**Dataset excerpt:**

◆ ◆ ◆

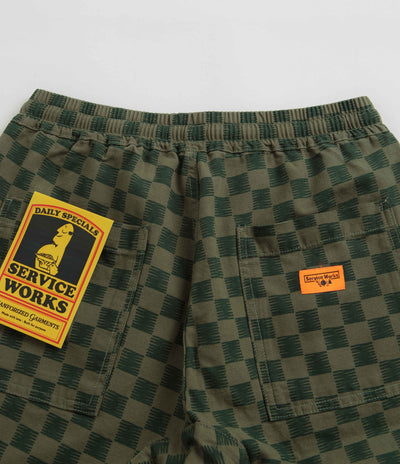 Service Works Classic Chef Shorts - Green Checker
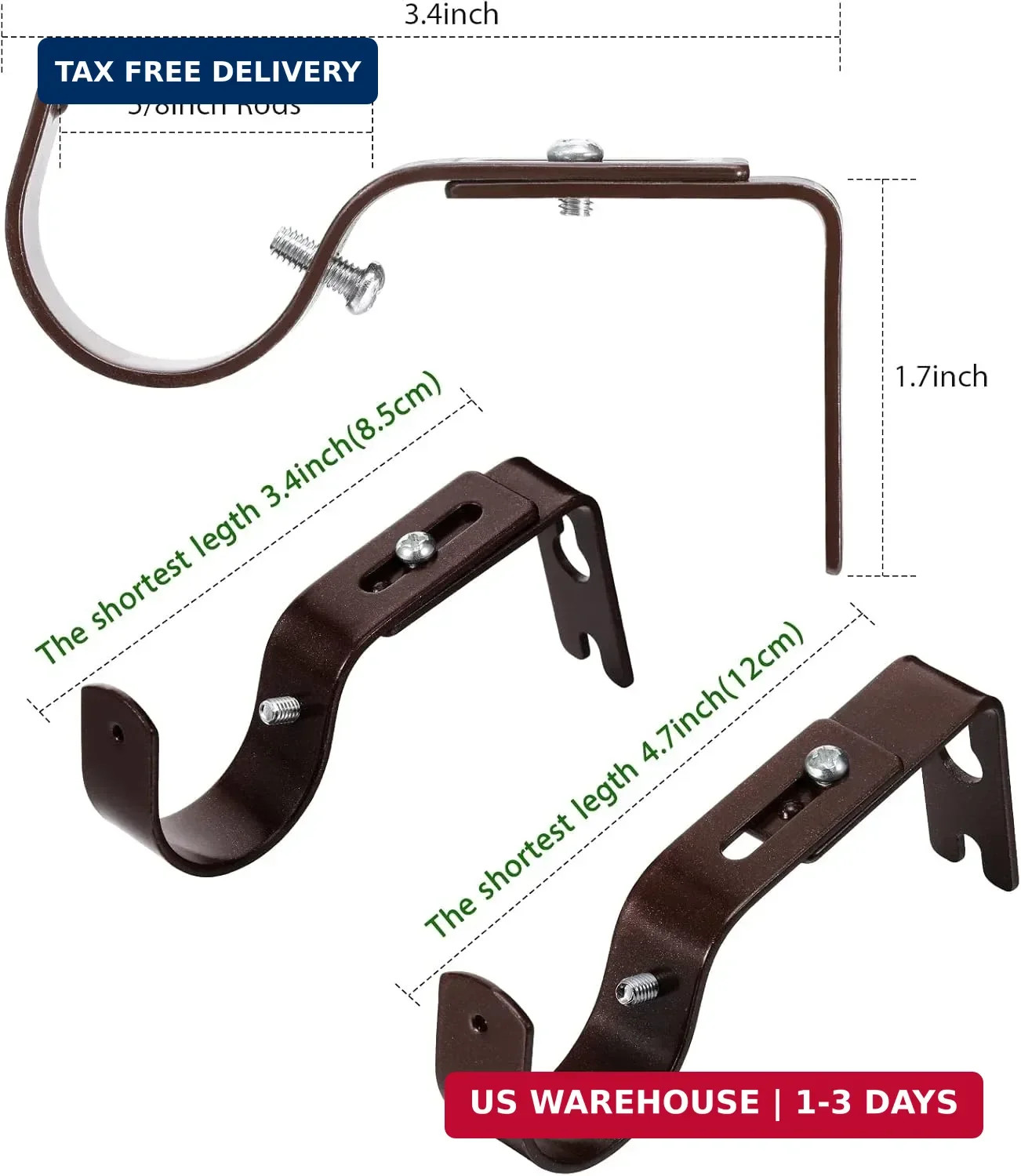 Frienda 4 Pcs Adjustable Curtain Rod Brackets Curtain Holders for 1 Inch Rod, He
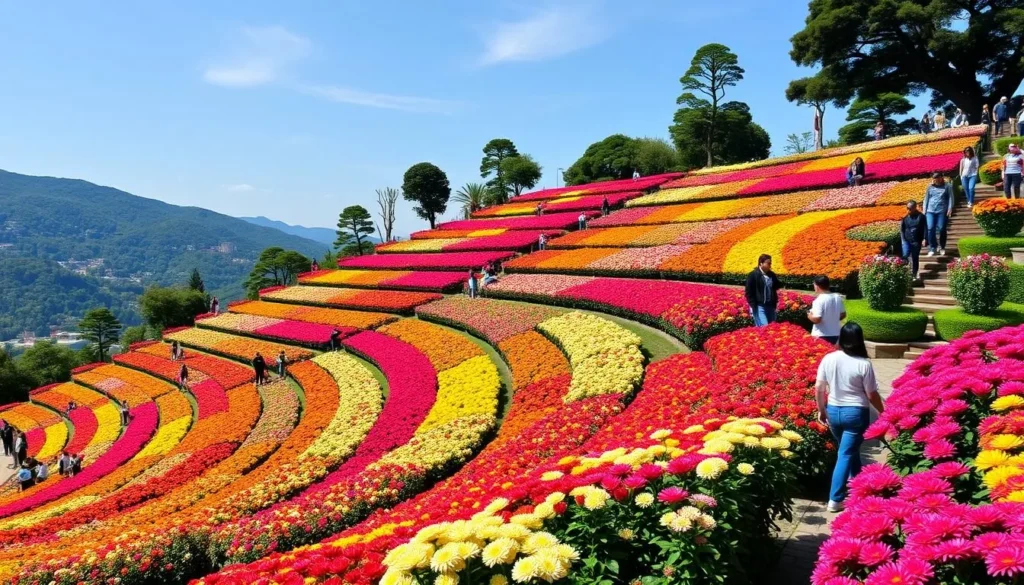 Generate an image of the Terraced Garden in Sector 33 during the Chrysanthemum Show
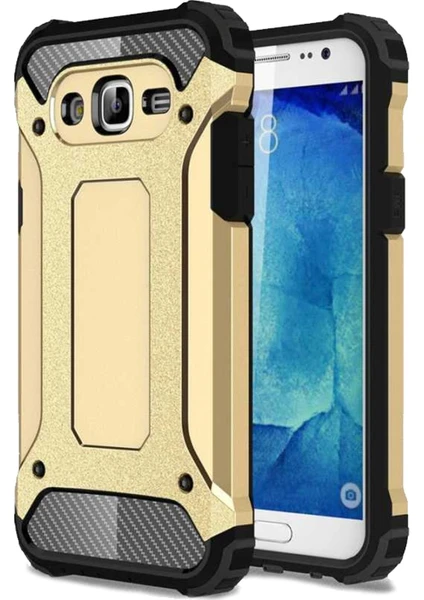 Case 4U Galaxy J7 Kılıf Military Armor Çift Katmanlı Crash Silikon Kılıf Gold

◆ ◆ ◆

**Task item:** Retype all of the material above exactly; the pictures stay out.

**Response area:**
 Service Works Classic Chef Shorts - Green Checker
 Frienda 4 Pcs Adjustable Curtain Rod Brackets Curtain Holders for 1 Inch Rod, He
 Generate an image of the Terraced Garden in Sector 33 during the Chrysanthemum Show
 Case 4U Galaxy J7 Kılıf Military Armor Çift Katmanlı Crash Silikon Kılıf Gold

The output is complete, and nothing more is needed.